> _What this task involves_: The result should be an exact copy of the data, free of pictures.

> _Exercise data_:
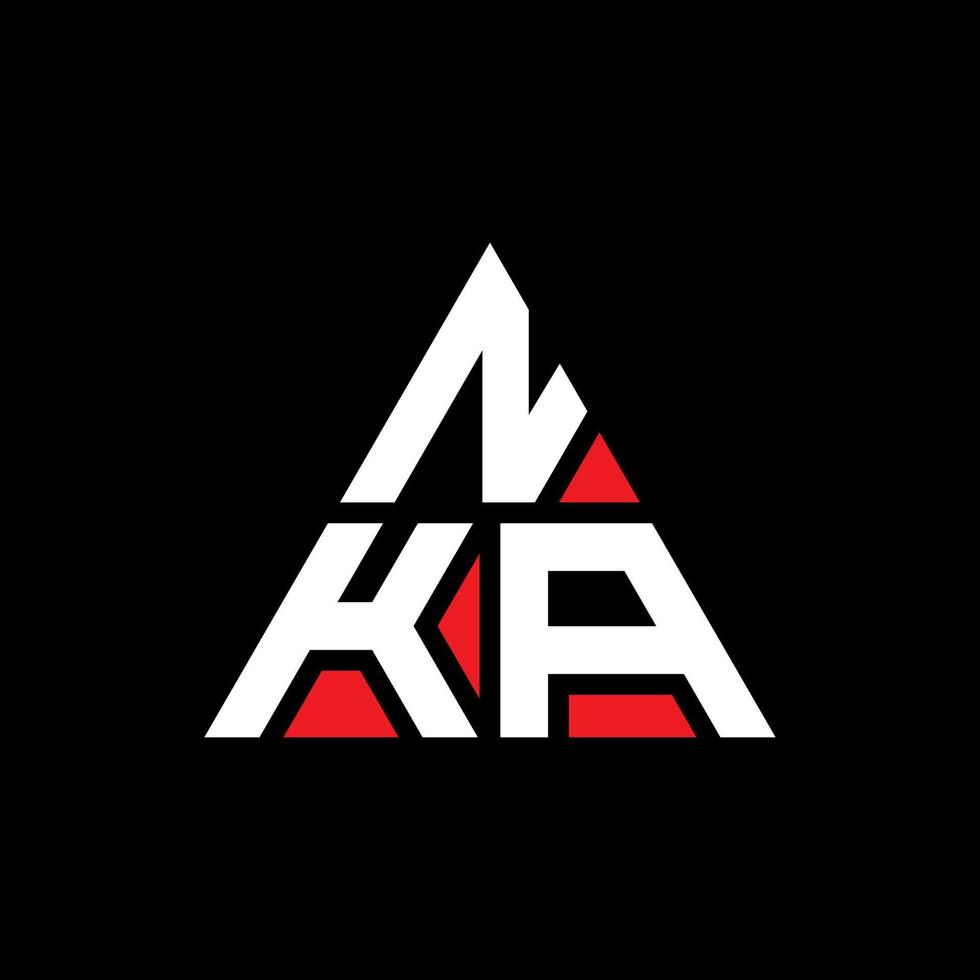 diseño de logotipo de letra triangular nka con forma de triángulo. monograma de diseño del logotipo del triángulo nka. plantilla de logotipo de vector de triángulo nka con color rojo. logotipo triangular nka logotipo simple, elegante y lujoso.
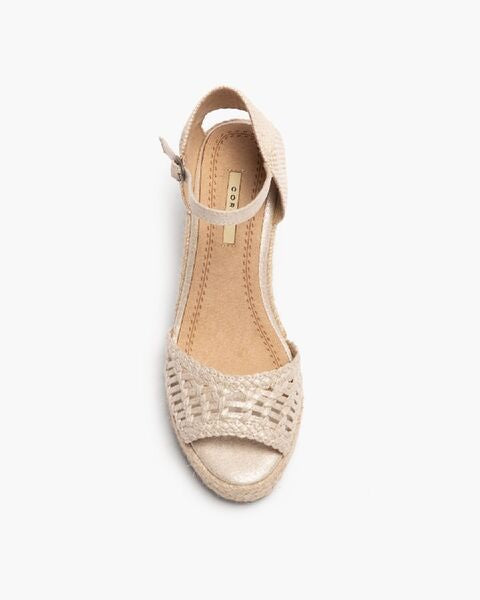 Beige Textured Wedge Sandal with Ankle Strap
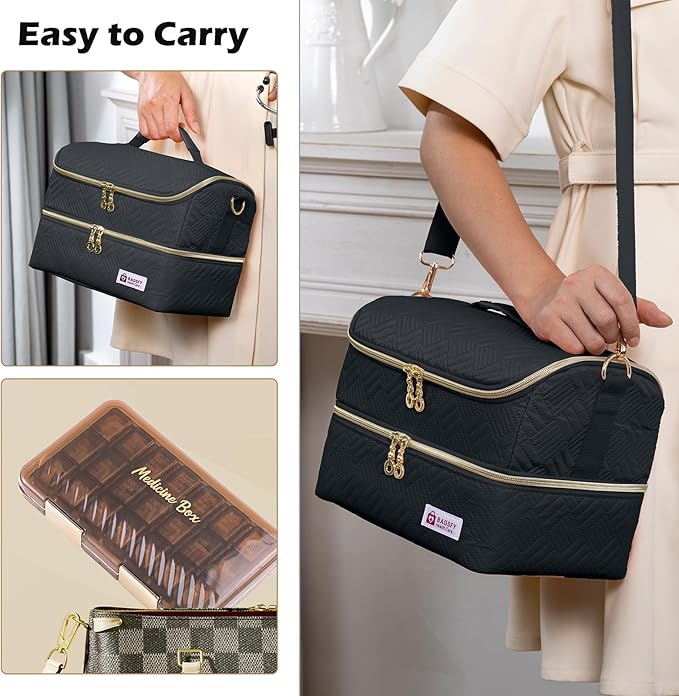 BAGSFY Travel Medicine Bag Organizer with 7-Day Pill Organizer, AM & PM Pill Box, Medication Storage, First Aid Kit Case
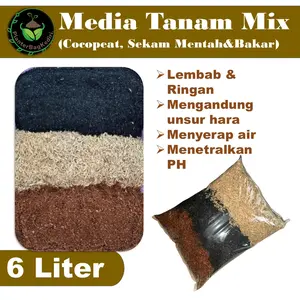 Media tanam mix 6 liter cocopeat sekam bakar dan sekam mentah subur untuk tanam buah sayuran & bunga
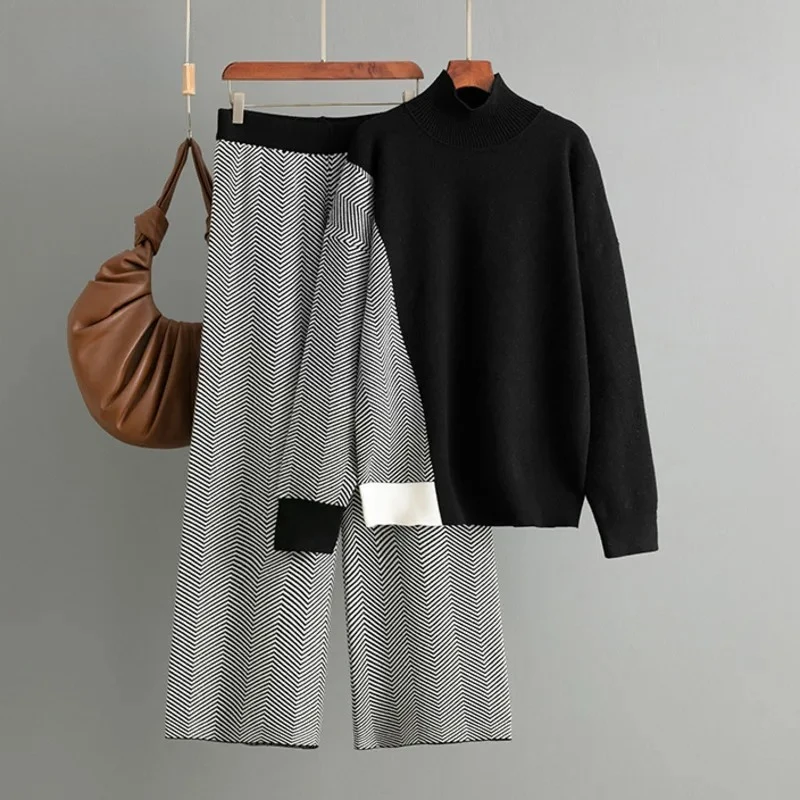 DEAT Fashion Knitted Two-pieces Set For Women Half High Collar Loose Spliced Contrast Color Sweater Elastic Waist Wide Leg Pants
DEAT Fashion Knitted Two-pieces Set For Women Half High Collar Loose Spliced Contrast Color Sweater Elastic Waist Wide Leg Pants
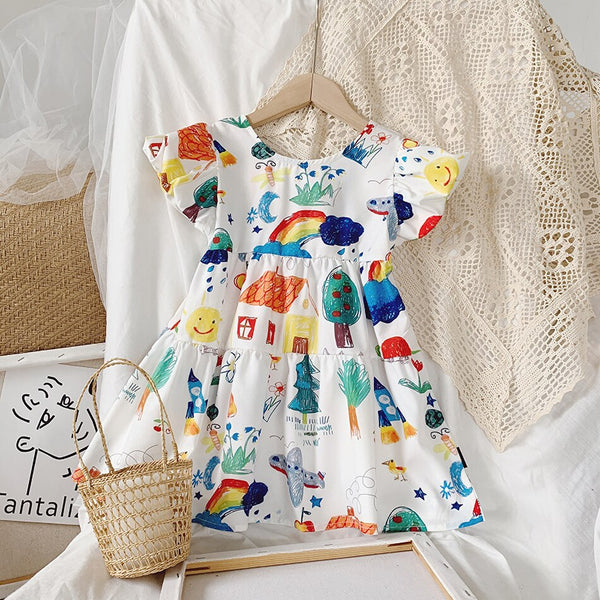 Baby Girls Casual Dress Kids Summer Swing Flared Dresses Children Birthday Party Costume Girls Doodle Clothes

> _Written solution_:
 diseño de logotipo de letra triangular nka con forma de triángulo. monograma de diseño del logotipo del triángulo nka. plantilla de logotipo de vector de triángulo nka con color rojo. logotipo triangular nka logotipo simple, elegante y lujoso.
 Beige Textured Wedge Sandal with Ankle Strap
 BAGSFY Travel Medicine Bag Organizer with 7-Day Pill Organizer, AM & PM Pill Box, Medication Storage, First Aid Kit Case
 Media tanam mix 6 liter cocopeat sekam bakar dan sekam mentah subur untuk tanam buah sayuran & bunga
 DEAT Fashion Knitted Two-pieces Set For Women Half High Collar Loose Spliced Contrast Color Sweater Elastic Waist Wide Leg Pants
DEAT Fashion Knitted Two-pieces Set For Women Half High Collar Loose Spliced Contrast Color Sweater Elastic Waist Wide Leg Pants
 Baby Girls Casual Dress Kids Summer Swing Flared Dresses Children Birthday Party Costume Girls Doodle Clothes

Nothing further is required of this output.